Diachronic Analysis of Multi-word Expression Functional Categories in Scientific English

Bhatia, Archna; Bouma, Gosse; Seza Dogruoz, A.; Evang, Kilian; Garcia, Marcos; Giouli, Voula; Han, Lifeng; Nivre, Joakim; Rademaker, Alexandre (Ed.): Proceedings of the Joint Workshop on Multiword Expressions and Universal Dependencies (MWE-UD) @ LREC-COLING 2024, ELRA and ICCL, pp. 81-87, Torino, Italia, 2024.
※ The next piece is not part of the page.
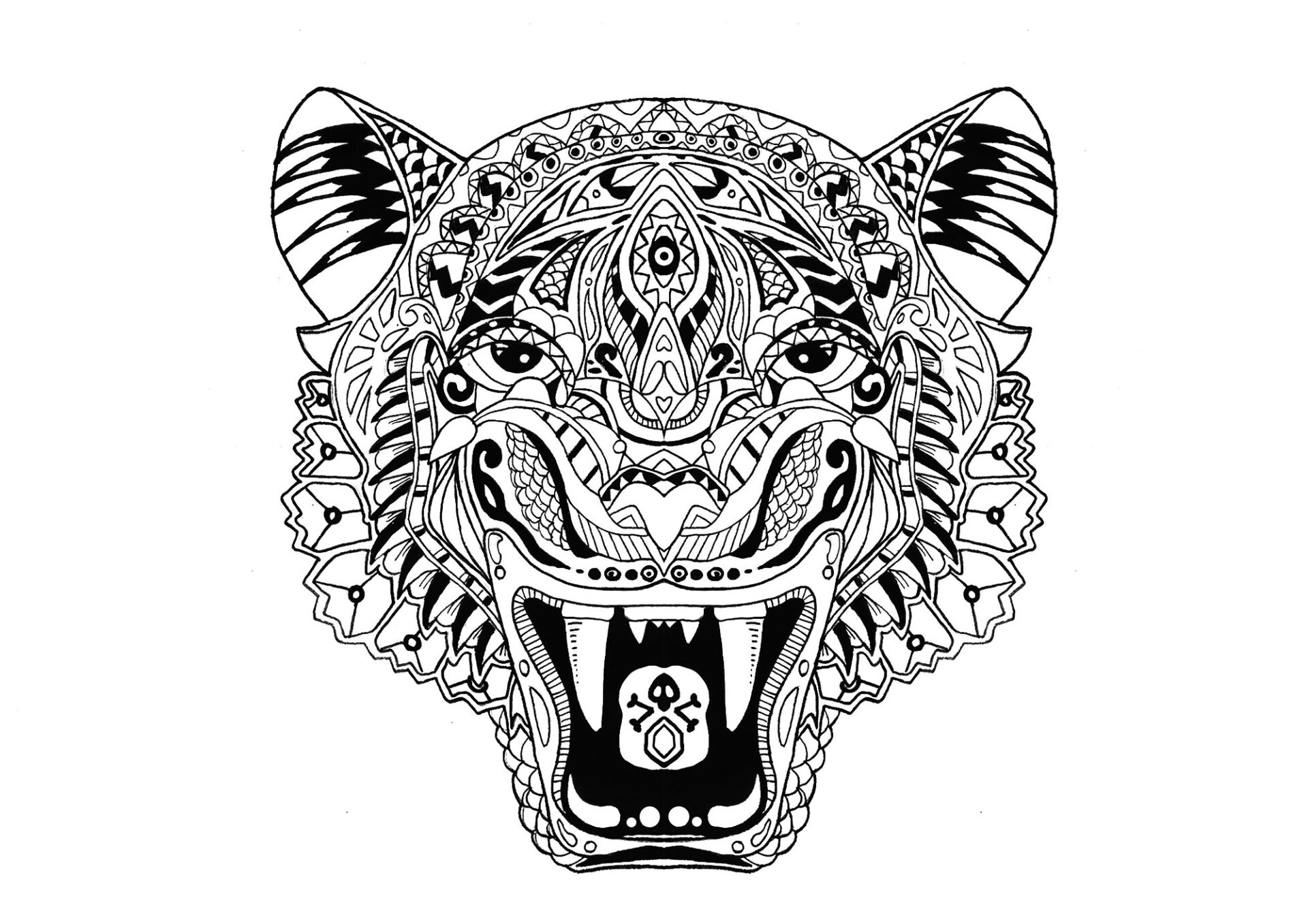 Mandala tygrys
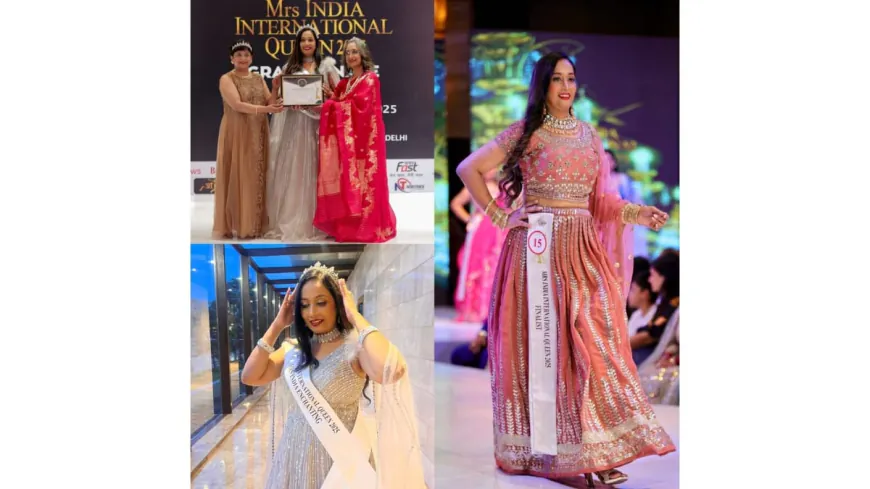 Noida’s Dr. Ruchika Yadav Crowned Mrs. India Enchanting Queen 2025 Title Winner – A Journey of Courage, Dreams, and Empowerment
We present a diachronic analysis of multi-word expressions (MWEs) in English based on the Royal Society Corpus, a dataset containing 300+ years of the scientific publications of the Royal Society of London. Specifically, we investigate the functions of MWEs, such as stance markers (“is is interesting”) or discourse organizers (“in this section”), and their development over time. Our approach is multi-disciplinary: to detect MWEs we use Universal Dependencies, to classify them functionally we use an approach from register linguistics, and to assess their role in diachronic development we use an information-theoretic measure, relative entropy.